* [Requirement]
In your copy, leave out the pictures and reproduce the listing below exactly.

* [Source data]
■ ■ ■ ■ ■ ■ ■

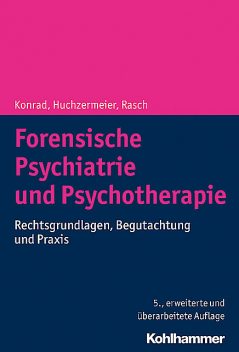 Forensische Psychiatrie und Psychotherapie, Norbert Konrad, Wilfried Rasch, Christian Huchzermeier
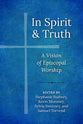 In Spirit and Truth: A Vision of Episcopal Worship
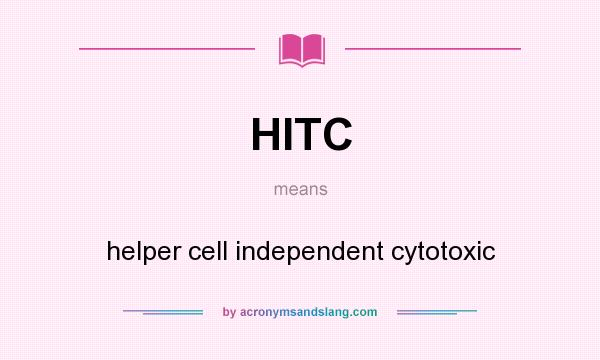 What does HITC mean? It stands for helper cell independent cytotoxic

■ ■ ■ ■ ■ ■ ■

* [Answer box]
 Forensische Psychiatrie und Psychotherapie, Norbert Konrad, Wilfried Rasch, Christian Huchzermeier
 In Spirit and Truth: A Vision of Episcopal Worship
 What does HITC mean? It stands for helper cell independent cytotoxic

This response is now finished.